Exercise inputs:
==*==

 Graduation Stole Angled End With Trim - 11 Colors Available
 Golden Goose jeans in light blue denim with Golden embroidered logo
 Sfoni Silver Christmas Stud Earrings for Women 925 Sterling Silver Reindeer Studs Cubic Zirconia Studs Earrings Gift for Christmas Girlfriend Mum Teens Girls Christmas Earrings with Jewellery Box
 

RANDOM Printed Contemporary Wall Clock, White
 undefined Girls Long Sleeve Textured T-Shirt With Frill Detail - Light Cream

==*==

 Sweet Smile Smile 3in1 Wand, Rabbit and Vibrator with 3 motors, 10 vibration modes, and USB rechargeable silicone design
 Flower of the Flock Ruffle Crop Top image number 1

==*==

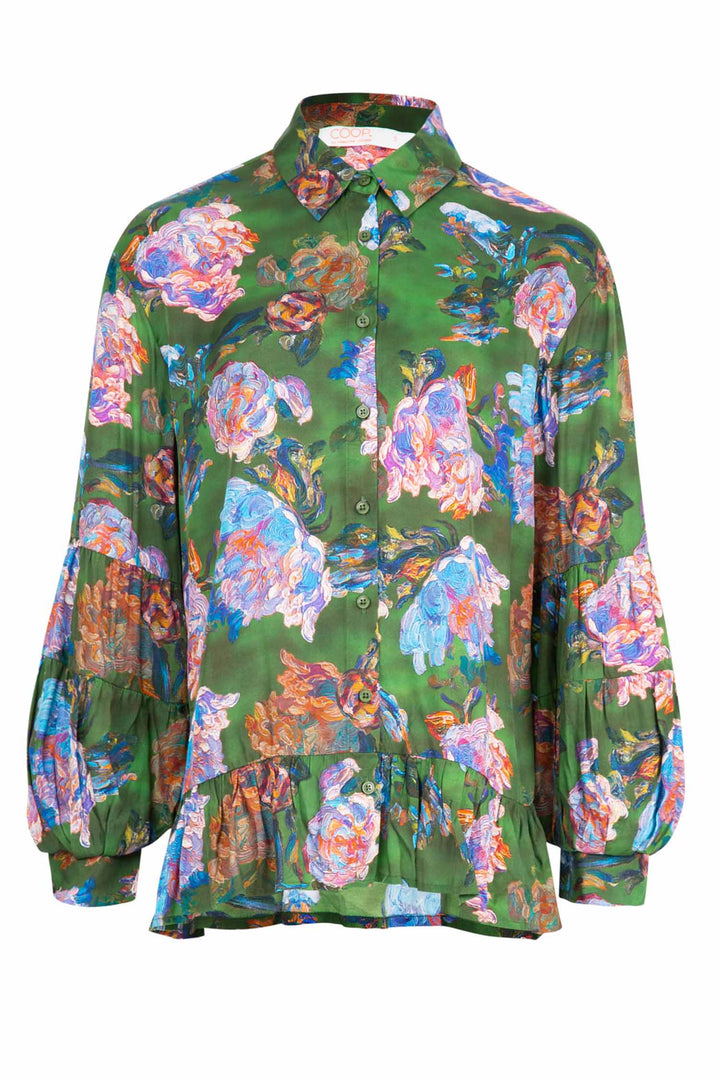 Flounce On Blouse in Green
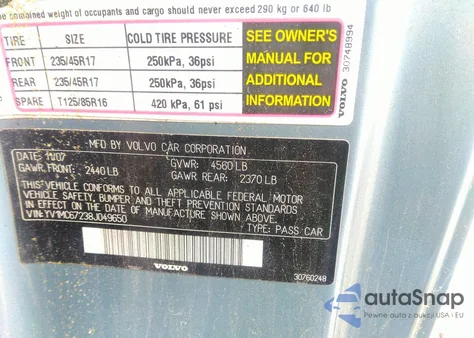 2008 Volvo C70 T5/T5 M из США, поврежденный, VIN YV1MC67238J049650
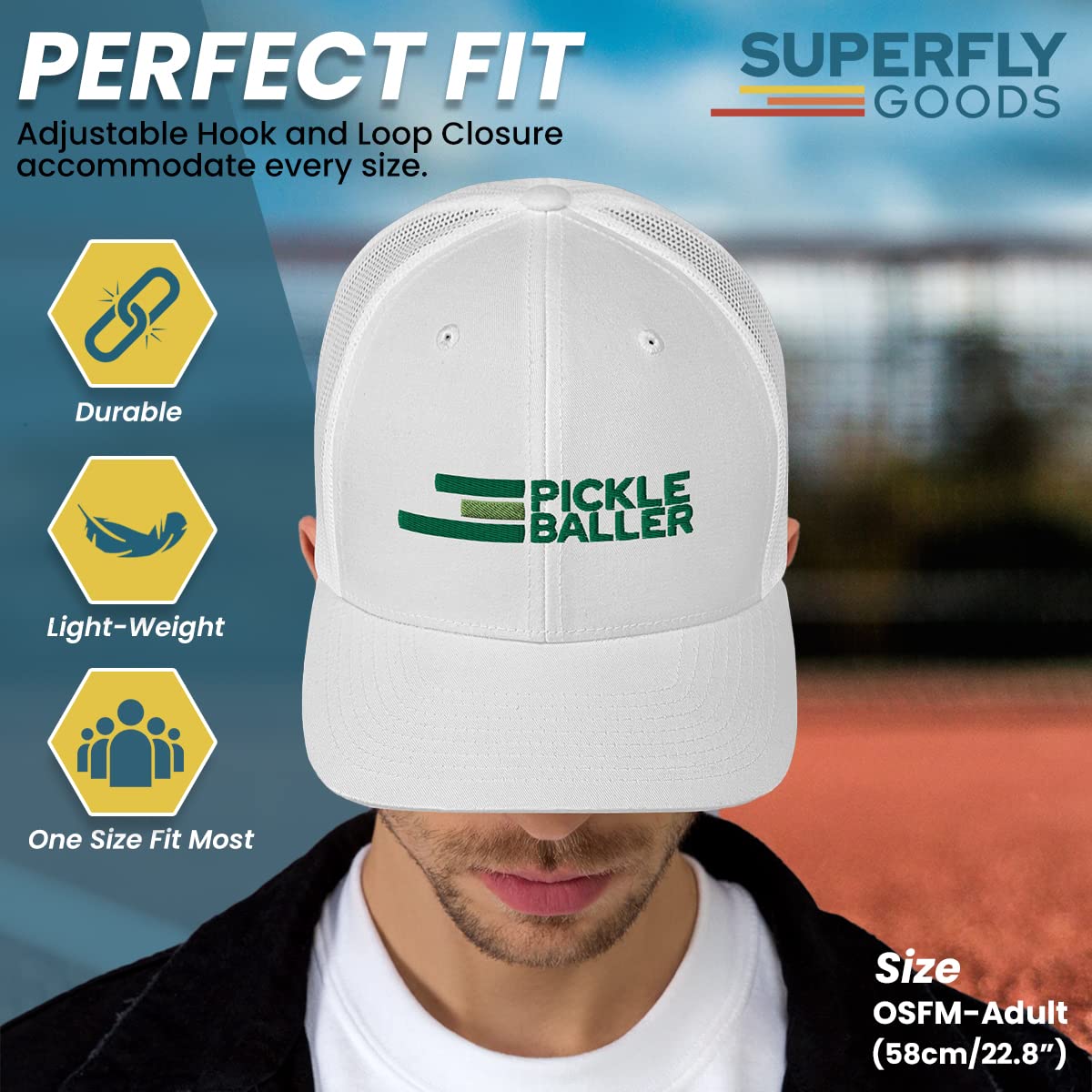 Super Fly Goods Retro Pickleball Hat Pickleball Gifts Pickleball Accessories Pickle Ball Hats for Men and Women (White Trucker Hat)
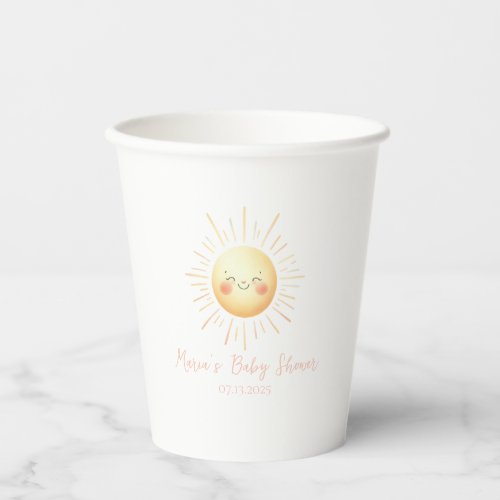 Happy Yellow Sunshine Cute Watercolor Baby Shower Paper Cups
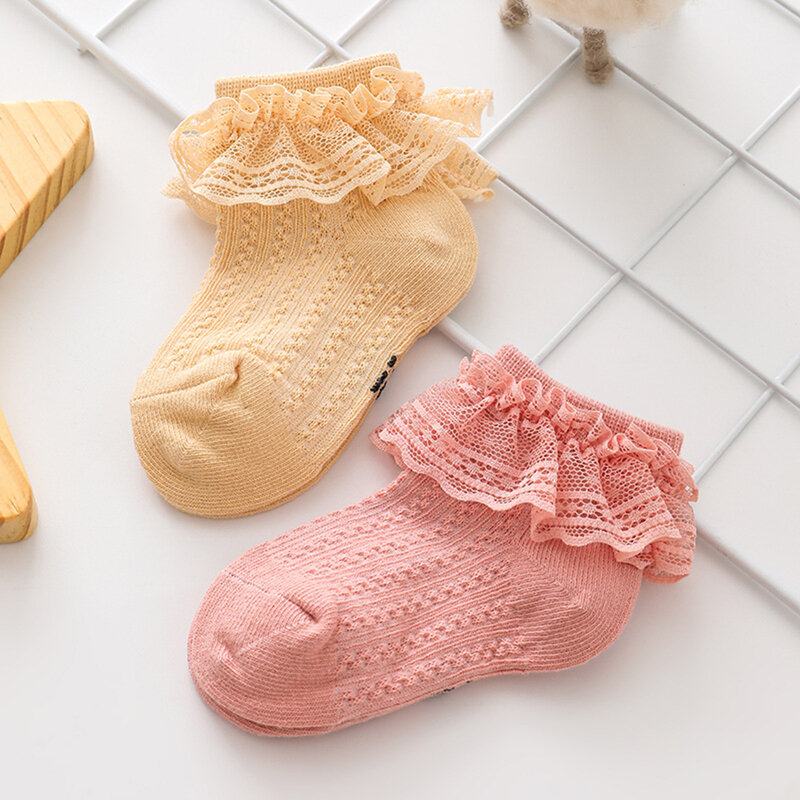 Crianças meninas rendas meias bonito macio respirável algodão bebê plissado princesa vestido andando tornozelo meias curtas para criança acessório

==*==

The task:
Using the listing above, copy exactly the line that contains "Sfoni Silver Christmas", the line that contains "undefined Girls Long", and each line that falls between them.

Result of the exercise:
 Sfoni Silver Christmas Stud Earrings for Women 925 Sterling Silver Reindeer Studs Cubic Zirconia Studs Earrings Gift for Christmas Girlfriend Mum Teens Girls Christmas Earrings with Jewellery Box
 

RANDOM Printed Contemporary Wall Clock, White
 undefined Girls Long Sleeve Textured T-Shirt With Frill Detail - Light Cream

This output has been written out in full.